Crawled caption data:

Start of Block

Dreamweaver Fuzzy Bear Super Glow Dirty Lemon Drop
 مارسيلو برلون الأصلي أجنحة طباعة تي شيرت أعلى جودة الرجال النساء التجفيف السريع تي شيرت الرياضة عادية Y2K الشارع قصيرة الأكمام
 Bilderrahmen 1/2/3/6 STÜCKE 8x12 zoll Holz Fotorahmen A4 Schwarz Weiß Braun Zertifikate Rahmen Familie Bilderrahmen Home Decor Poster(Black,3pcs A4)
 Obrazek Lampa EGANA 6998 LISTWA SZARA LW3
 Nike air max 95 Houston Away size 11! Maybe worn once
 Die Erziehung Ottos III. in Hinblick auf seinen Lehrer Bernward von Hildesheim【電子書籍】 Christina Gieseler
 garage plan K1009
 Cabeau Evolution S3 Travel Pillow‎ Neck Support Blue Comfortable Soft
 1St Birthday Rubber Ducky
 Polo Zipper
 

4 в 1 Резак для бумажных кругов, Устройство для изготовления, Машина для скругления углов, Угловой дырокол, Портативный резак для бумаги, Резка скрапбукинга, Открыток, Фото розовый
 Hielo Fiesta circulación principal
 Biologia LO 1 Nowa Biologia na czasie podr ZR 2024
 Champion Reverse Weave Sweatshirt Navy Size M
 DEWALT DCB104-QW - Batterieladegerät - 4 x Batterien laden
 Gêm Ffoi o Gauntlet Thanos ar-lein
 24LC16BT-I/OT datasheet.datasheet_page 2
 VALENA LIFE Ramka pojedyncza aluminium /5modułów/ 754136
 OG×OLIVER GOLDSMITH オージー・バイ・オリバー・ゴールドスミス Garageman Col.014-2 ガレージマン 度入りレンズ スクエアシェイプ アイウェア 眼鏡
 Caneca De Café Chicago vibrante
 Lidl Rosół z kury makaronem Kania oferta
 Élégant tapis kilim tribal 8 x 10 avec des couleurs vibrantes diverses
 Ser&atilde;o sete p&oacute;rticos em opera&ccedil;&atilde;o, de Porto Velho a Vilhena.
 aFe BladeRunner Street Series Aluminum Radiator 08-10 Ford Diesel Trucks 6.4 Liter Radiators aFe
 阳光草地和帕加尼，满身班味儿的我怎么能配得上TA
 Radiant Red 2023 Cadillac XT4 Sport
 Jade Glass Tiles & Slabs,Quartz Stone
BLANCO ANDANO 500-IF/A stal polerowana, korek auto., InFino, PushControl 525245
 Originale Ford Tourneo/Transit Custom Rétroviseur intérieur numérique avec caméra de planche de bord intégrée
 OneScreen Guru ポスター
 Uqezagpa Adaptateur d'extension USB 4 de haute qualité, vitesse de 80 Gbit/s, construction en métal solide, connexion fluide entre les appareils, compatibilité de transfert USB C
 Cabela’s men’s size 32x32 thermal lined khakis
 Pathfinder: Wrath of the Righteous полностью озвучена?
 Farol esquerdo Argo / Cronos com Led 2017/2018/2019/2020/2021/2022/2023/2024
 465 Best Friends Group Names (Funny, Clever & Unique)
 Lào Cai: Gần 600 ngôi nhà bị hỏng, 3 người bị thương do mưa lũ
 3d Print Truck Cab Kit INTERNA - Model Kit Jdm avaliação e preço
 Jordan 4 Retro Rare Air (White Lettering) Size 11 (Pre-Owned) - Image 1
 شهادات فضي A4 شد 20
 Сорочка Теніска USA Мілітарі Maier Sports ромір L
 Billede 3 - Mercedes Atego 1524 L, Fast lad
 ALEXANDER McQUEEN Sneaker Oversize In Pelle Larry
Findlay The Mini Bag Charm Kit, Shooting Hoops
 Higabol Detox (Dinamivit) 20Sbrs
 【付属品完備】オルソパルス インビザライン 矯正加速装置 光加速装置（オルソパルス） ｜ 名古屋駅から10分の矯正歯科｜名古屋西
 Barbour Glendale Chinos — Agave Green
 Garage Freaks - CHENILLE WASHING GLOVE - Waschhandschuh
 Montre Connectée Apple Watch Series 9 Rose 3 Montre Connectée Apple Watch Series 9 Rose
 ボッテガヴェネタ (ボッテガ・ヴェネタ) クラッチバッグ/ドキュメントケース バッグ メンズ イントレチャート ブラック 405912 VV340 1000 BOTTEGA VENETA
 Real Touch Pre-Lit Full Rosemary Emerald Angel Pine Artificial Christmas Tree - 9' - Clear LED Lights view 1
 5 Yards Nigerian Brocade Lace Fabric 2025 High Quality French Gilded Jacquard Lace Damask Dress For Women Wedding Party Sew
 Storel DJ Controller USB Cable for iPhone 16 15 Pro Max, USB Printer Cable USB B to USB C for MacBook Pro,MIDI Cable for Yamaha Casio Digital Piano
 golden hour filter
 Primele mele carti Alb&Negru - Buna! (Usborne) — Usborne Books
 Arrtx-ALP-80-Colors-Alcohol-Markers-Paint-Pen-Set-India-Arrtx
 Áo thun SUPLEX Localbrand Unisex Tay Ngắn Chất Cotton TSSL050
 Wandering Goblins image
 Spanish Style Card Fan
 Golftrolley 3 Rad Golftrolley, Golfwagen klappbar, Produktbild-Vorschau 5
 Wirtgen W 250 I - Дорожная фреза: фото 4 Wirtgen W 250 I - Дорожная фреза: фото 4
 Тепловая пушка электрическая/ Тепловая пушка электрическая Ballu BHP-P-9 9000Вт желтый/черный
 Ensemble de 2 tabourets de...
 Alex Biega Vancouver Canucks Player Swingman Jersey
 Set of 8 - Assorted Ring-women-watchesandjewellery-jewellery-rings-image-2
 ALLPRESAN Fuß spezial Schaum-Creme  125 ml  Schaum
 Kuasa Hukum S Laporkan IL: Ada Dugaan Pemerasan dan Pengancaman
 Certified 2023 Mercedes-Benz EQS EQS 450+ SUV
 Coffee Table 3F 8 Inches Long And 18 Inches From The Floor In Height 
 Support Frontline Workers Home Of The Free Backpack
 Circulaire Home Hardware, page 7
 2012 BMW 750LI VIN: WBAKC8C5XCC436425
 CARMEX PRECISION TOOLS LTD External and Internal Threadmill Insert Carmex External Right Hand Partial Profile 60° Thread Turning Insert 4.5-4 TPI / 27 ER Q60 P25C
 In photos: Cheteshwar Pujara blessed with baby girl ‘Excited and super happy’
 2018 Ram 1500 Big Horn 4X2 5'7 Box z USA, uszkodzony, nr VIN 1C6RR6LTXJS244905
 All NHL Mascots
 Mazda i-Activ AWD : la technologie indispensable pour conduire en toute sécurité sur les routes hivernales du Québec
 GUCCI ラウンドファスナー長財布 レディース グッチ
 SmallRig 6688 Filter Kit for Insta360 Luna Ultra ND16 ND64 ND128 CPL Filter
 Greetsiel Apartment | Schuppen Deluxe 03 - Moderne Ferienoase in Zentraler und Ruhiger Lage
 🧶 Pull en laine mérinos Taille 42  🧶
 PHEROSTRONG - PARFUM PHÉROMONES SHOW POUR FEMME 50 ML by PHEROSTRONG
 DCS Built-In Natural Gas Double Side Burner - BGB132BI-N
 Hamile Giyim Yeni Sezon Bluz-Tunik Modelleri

End of Block

## AIM OF THE TASK
Your answer should consist only of the lines above between the line holding "شهادات فضي A4 شد 20" and the line holding "Golftrolley 3 Rad", inclusive, each transcribed exactly.

## TASK OUTPUT
 شهادات فضي A4 شد 20
 Сорочка Теніска USA Мілітарі Maier Sports ромір L
 Billede 3 - Mercedes Atego 1524 L, Fast lad
 ALEXANDER McQUEEN Sneaker Oversize In Pelle Larry
Findlay The Mini Bag Charm Kit, Shooting Hoops
 Higabol Detox (Dinamivit) 20Sbrs
 【付属品完備】オルソパルス インビザライン 矯正加速装置 光加速装置（オルソパルス） ｜ 名古屋駅から10分の矯正歯科｜名古屋西
 Barbour Glendale Chinos — Agave Green
 Garage Freaks - CHENILLE WASHING GLOVE - Waschhandschuh
 Montre Connectée Apple Watch Series 9 Rose 3 Montre Connectée Apple Watch Series 9 Rose
 ボッテガヴェネタ (ボッテガ・ヴェネタ) クラッチバッグ/ドキュメントケース バッグ メンズ イントレチャート ブラック 405912 VV340 1000 BOTTEGA VENETA
 Real Touch Pre-Lit Full Rosemary Emerald Angel Pine Artificial Christmas Tree - 9' - Clear LED Lights view 1
 5 Yards Nigerian Brocade Lace Fabric 2025 High Quality French Gilded Jacquard Lace Damask Dress For Women Wedding Party Sew
 Storel DJ Controller USB Cable for iPhone 16 15 Pro Max, USB Printer Cable USB B to USB C for MacBook Pro,MIDI Cable for Yamaha Casio Digital Piano
 golden hour filter
 Primele mele carti Alb&Negru - Buna! (Usborne) — Usborne Books
 Arrtx-ALP-80-Colors-Alcohol-Markers-Paint-Pen-Set-India-Arrtx
 Áo thun SUPLEX Localbrand Unisex Tay Ngắn Chất Cotton TSSL050
 Wandering Goblins image
 Spanish Style Card Fan
 Golftrolley 3 Rad Golftrolley, Golfwagen klappbar, Produktbild-Vorschau 5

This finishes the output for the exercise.